Down the Drive

Just as the band uses Down the Drive to travel into the heart of campus, UC Magazine's Down the Drive section takes you to the heart of what's happening at UC.

 

 

UC gives back big

 

Ella Morton holds toy bat with prosthetic hand

Ella Morton shows off the new 3-D printed prosthetic hand created by UC students.

Ella Morton darts to the front of the room during a UC Board of Trustees meeting and begins waving to the crowd. The bubbly 3-year-old lacks most of her left hand due to a birth defect, but she’s found new abilities thanks to a prosthetic hand created by EnableUC. She can now grip a ball, hold a bat and even shake hands simply by bending her wrist.


EnableUC designs and provides affordable 3-D printed prosthetic devices for those in need and has printed 46 similar prosthetics in the last 18 months.
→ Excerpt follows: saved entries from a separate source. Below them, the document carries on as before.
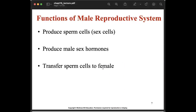The functions of the male reproductive system are: to produce sperm cells or sex cells, to produce male hormones, and to transfer the sperm cells to the female so that we can have an offspring.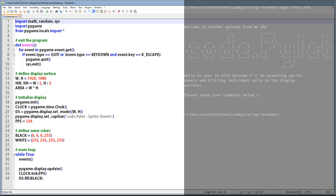Hello and thanks for joining me. I'm the CodePilot. In this episode we're going to be looking at sprite sheets and blitting individual cells to the display surface. But before we get into coding let's first have a look at what the script will do and what sprite sheets are. We'll start with what happens when we run the script.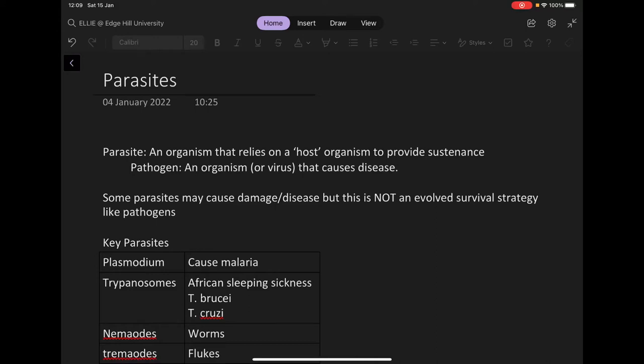We're now on to the venom section, and we're going to be talking about parasites in these next couple of videos. A parasite is an organism that relies on a host organism to provide sustenance. This is in comparison to a pathogen, which is an organism or a virus that causes a disease. A parasite may cause a disease or damage, but that's not its main goal — it just wants to use you to survive, not to hurt you.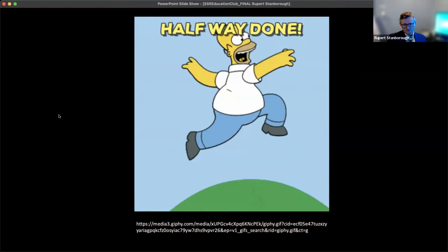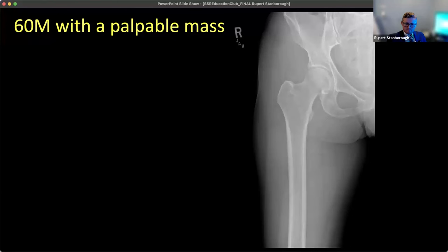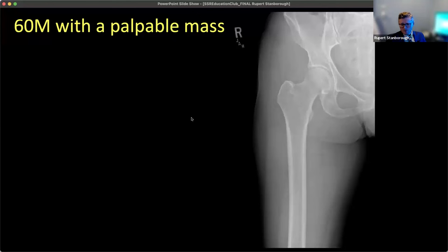Halfway done. Moving on — a 60-year-old man with a palpable mass in the medial right thigh. There's nothing to see on the radiograph, which I'm showing because in practice we always get radiographs when reading MRIs for soft tissue and bone tumors, but soft tissue tumors often don't show anything. Let's skip right to the MRI: coronal T2 STIR, T1, and post-contrast images of the thigh.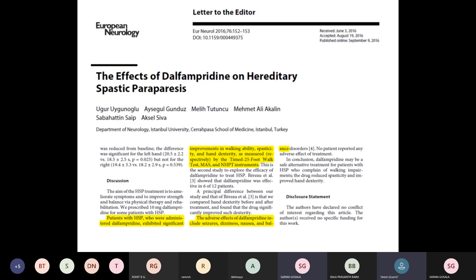An article published in European Neurology — a letter to the editor on the effects of Dalfampridine on hereditary spastic paraplegia by Uğur et al. from Turkey — showed that patients with hereditary spastic paraplegia administered Dalfampridine 10 mg twice daily demonstrated significant improvement in walking ability, spasticity, and hand dexterity, as measured by the timed 25-foot walk test, modified Ashworth score, and 9-hole peg test. The overall improvement was significant in HSP patients. Adverse effects observed were seizures, dizziness, nausea, and balance disorders. This study suggests larger randomized clinical trials are required to look into improvement in spasticity in MS patients as well.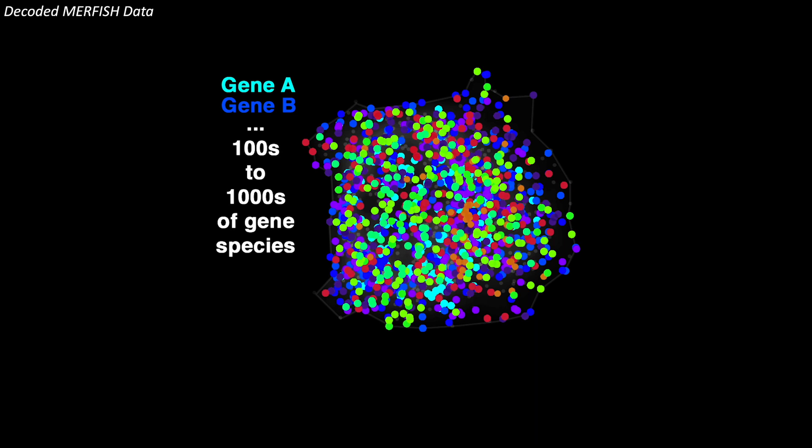And we can do this not only for one gene or two genes, but potentially thousands of genes. And we can do this not only for one cell, but many thousands to millions of cells.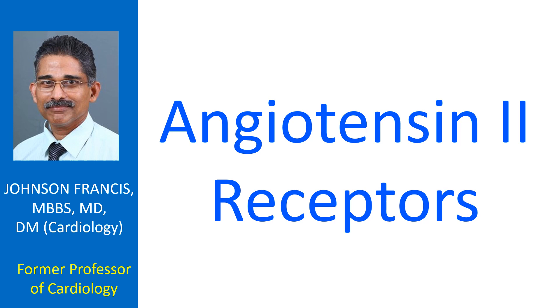In humans, angiotensin II receptors have two subtypes: AT1 and AT2 receptors. AT3 receptors have been demonstrated in vitro in mouse cells. AT4 receptor demonstrated in guinea pigs has high affinity for angiotensin 4.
Ella’s mom, Heather Morton, herself a mechanical engineer, was searching online when she discovered the student group that ultimately made an enormous impact on their family.


Similar meaningful engagements with the community are commonplace for the university, and a new study now measures not only how often these occur but also the value of such interactions.

 

Jacob Knorr assembles prosthetic hands at a workbench.

Jacob Knorr founded EnableUC while a UC engineering student. photos/Joseph Fuqua II

 

So, just how engaged is UC with the people and neighborhoods that surround campus?


A pilot study by UC’s Economics Center found that students, staff and faculty annually contribute the equivalent of $8.5 million in time, talent and philanthropic donations to the local, regional and global communities.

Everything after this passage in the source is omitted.